▸ **Your objective**: Could you return all of the entries below exactly, minus the pictures?

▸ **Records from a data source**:
+-------+
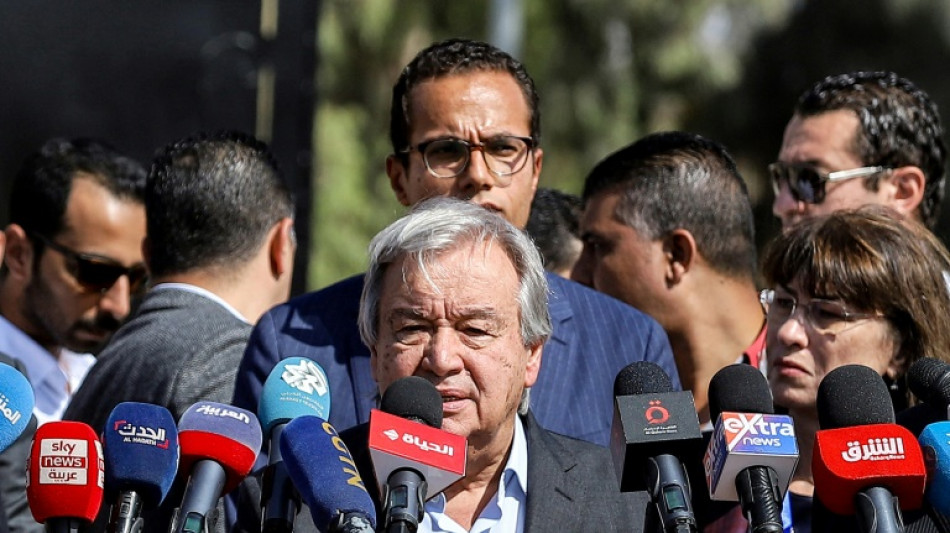 El jefe de la ONU se dice "conmocionado" por la "tergiversaci&oacute;n" de sus declaraciones sobre Ham&aacute;s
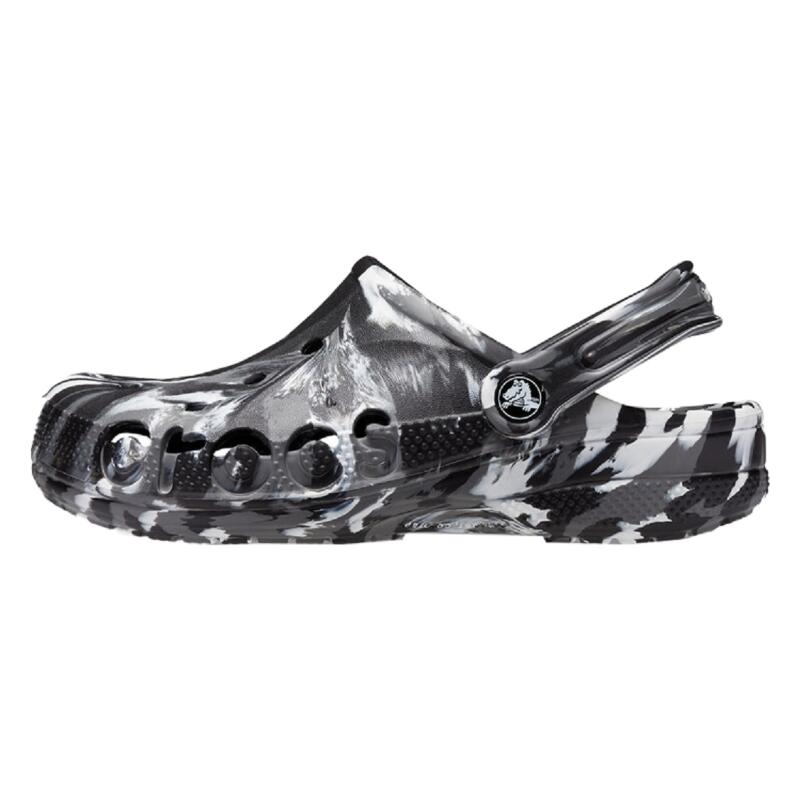 Crocs Fashion Outdoor EVA Marble Clog 3cm Unisex Black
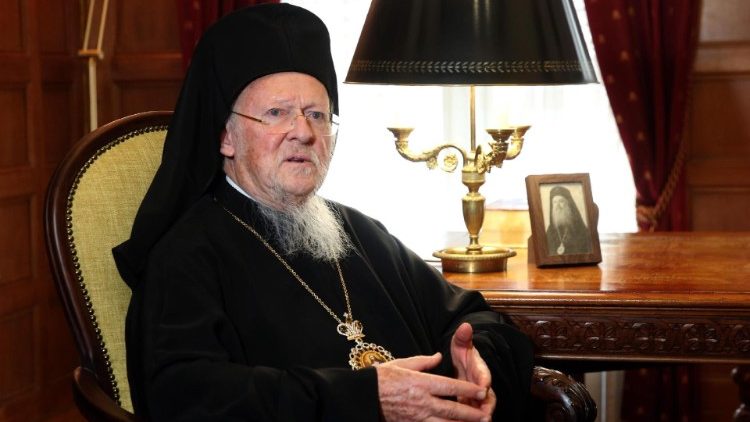 Ecumenical Patriarch Mr. Bartholomew visits Athens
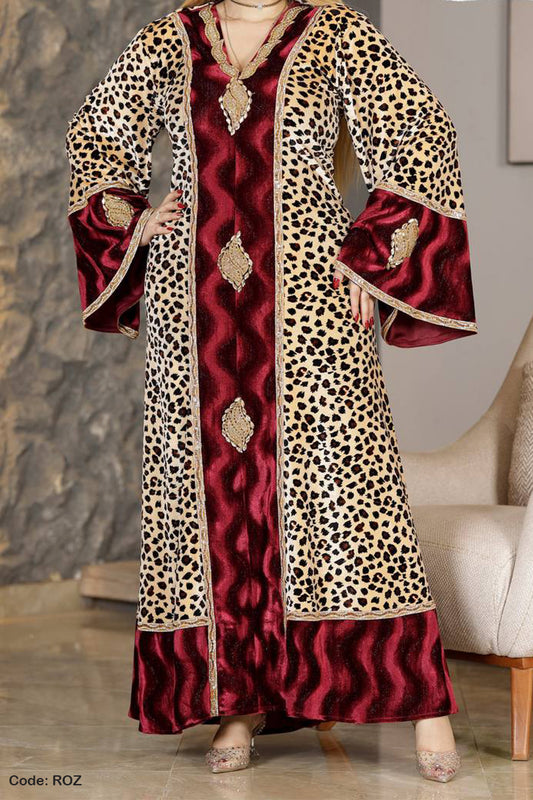 جلابية كارما الشتوية - مخمل شتاء 2026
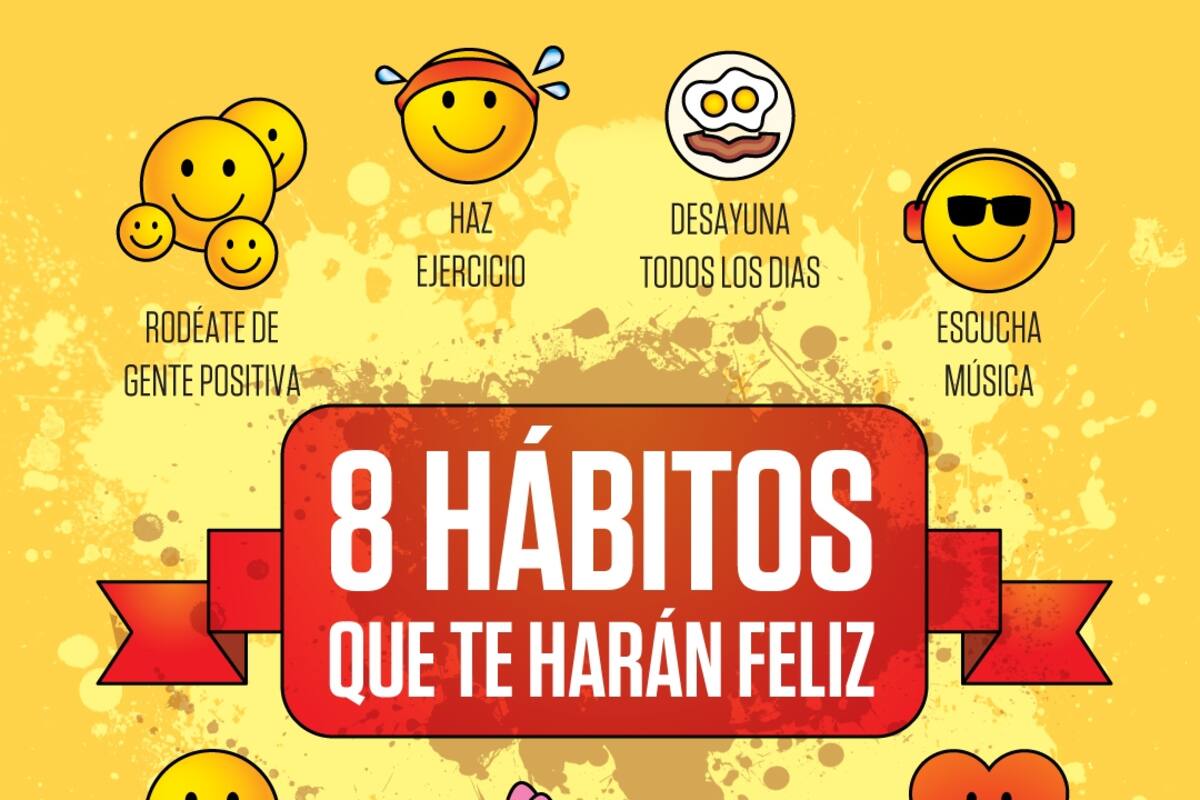 8 hábitos que te harán feliz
+-------+
▸ **Solved exercise**:
 El jefe de la ONU se dice "conmocionado" por la "tergiversaci&oacute;n" de sus declaraciones sobre Ham&aacute;s
 Crocs Fashion Outdoor EVA Marble Clog 3cm Unisex Black
 Ecumenical Patriarch Mr. Bartholomew visits Athens
 جلابية كارما الشتوية - مخمل شتاء 2026
 8 hábitos que te harán feliz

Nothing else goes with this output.